Por ejemplo, el otro día salió en Ciper un artículo criticando el libro de Guarello sobre las barras bravas: “No, las barras cambiaron, ahora son actores sociales que creen en el feminismo y la igualdad”. Ya, pero siguen operando con las mismas lógicas de intimidación y matonaje. ¿Eso no te complica? O por ejemplo, esta especie de idolatría a eso que encarna Julio César de decir las verdades: “Yo voy a decir las verdades, y las verdades hay que decirlas, porque estamos aburridos del pisoteo”. Pero me da lo mismo si al decirlas paso a llevar gente, si humillo, si son verdades a medias. Bueno, ¿te gusta el pisoteo o no te gusta? O esa tentación permanente que hay en la tele de patear el tablero y salirse de madre, ¿es tu crítica al sistema o es la actitud del zorrón que disfruta al sentirse dueño de la situación, de saber que todos te están mirando y poder hacer lo que quieras? No sé… A veces siento que la escena post estallido es cándida. Y cándida en mala onda, sin inocencia, curioso. También tiene poquísimo humor.

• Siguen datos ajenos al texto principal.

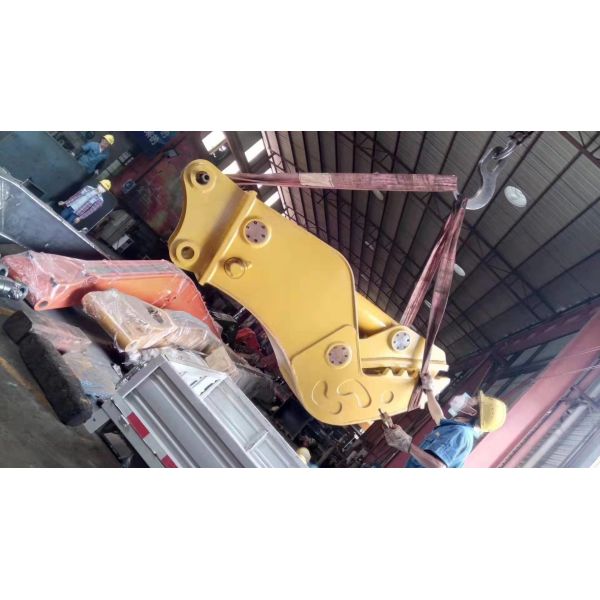 Инструменты подрыванием дробилки Pulverizer экскаватора 360 градусов вращая гидравлические конкретные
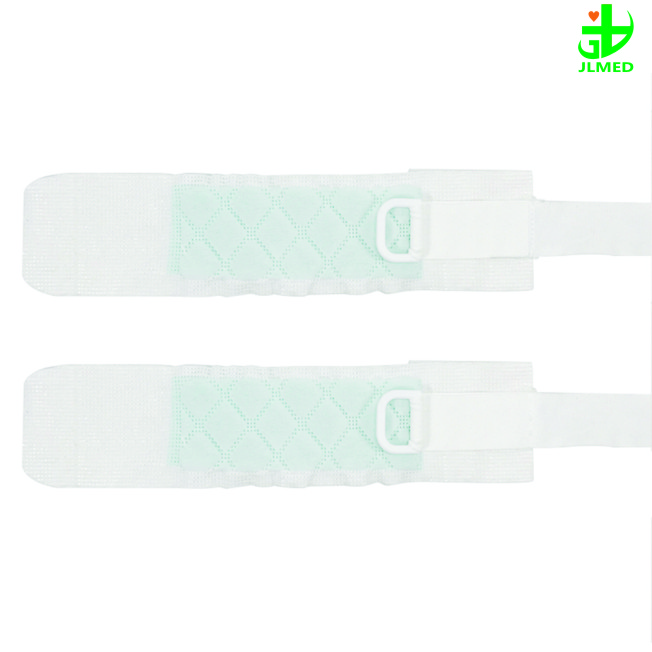 Medical Adjustable Patient Fixed Wrist Restraint Strap for Patient Limb Immobilization Bondage Strap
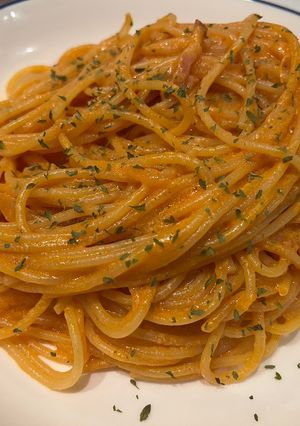 『トマト！』クリームパスタ-レシピのメイン写真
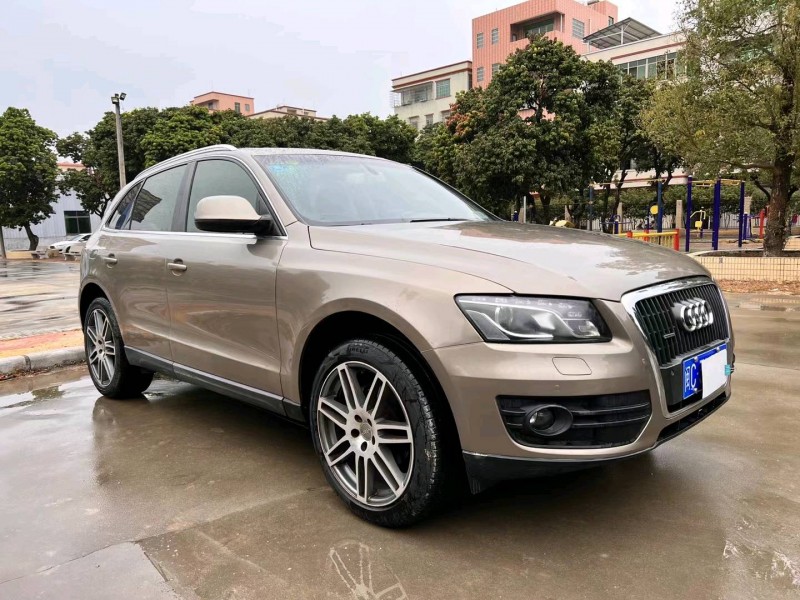 廣州10年奧迪Q52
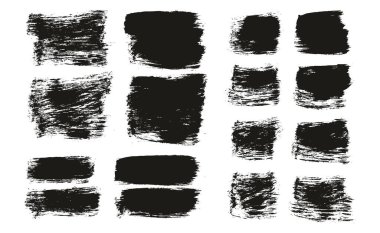 Düz Boya Fırçası Kalın Karışık Arkaplan Yüksek Detay Özet Vektör Arkaplan Karışımı 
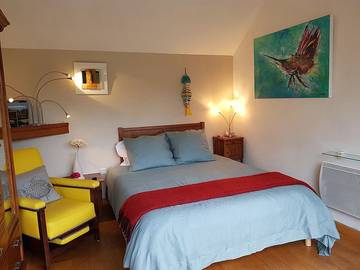 Cottage pour 2 personnes, avec jardin dans Havre de Rothéneuf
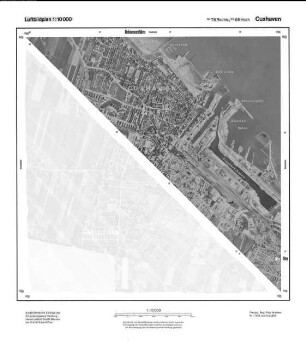 Cuxhaven, Gauß-Krüger-Koordinaten: Rechtswert: 3478, Hochwert: 5968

O un humor más literal, si comparamos las parodias de Plan Z con los sketches de La Red que preocuparon al Ejército.

Sí, al final te pones nervioso, porque esperas algo de humor y lo que ves es un tipo con cara de milico diciendo cosas brutales. Y se supone que me tengo que reír, pero es fome. Lo mismo pasa con el Violento Parra. Hablar como un fascista, decir cosas muy odiosas sin ningún tipo de abstracción, no es una parodia. Encuentro que hay pobreza, como que el techo estuviera demasiado bajo… Ahora, es la sensación de alguien que se va acercando a los 50 y que quizás ya no está invitado a la fiesta.

Y que no quiere aparecer reivindicando “la época de uno”.

No, al coro de ese quejido no quisiera ni acercarme. Lo que pasa es que toda época tiene su tipo de decadencia y uno se fija en eso, pero no es que la tuya haya sido mejor. Siempre hay mucho de qué nutrirse. Y como vivo de algo que ha durado muchos años, me he dado cuenta de que puedes subsistir mientras no trates de estar de moda todo el rato. Crea a tu propio ritmo y te puedes comunicar desde donde estás. No es tan fácil, ¿ah? Porque ahora hay mucho acceso a todo, pero es una realidad reductiva, las pautas son circulares, no respiran. Y el consumo de redes sociales te contornea el cerebro, de alguna manera. Lo que hago últimamente es caminar una hora todas las mañanas. Pero no desde mi casa, agarro mi auto y me alejo. Ayer fui a Macul y te diría que nunca antes había caminado por Rodrigo de Araya. No sé si tiene algún valor, pero nunca lo había hecho. Entonces ahí uno se va nutriendo de cosas de la misma manera en que se ha nutrido siempre. Y eso te mantiene un poco alerta, no tan deprimido ni creyendo que ya no puedes hacer algo distinto. La otra es tratar de incorporar todo lo nuevo, pero vas a parecer una especie de turista.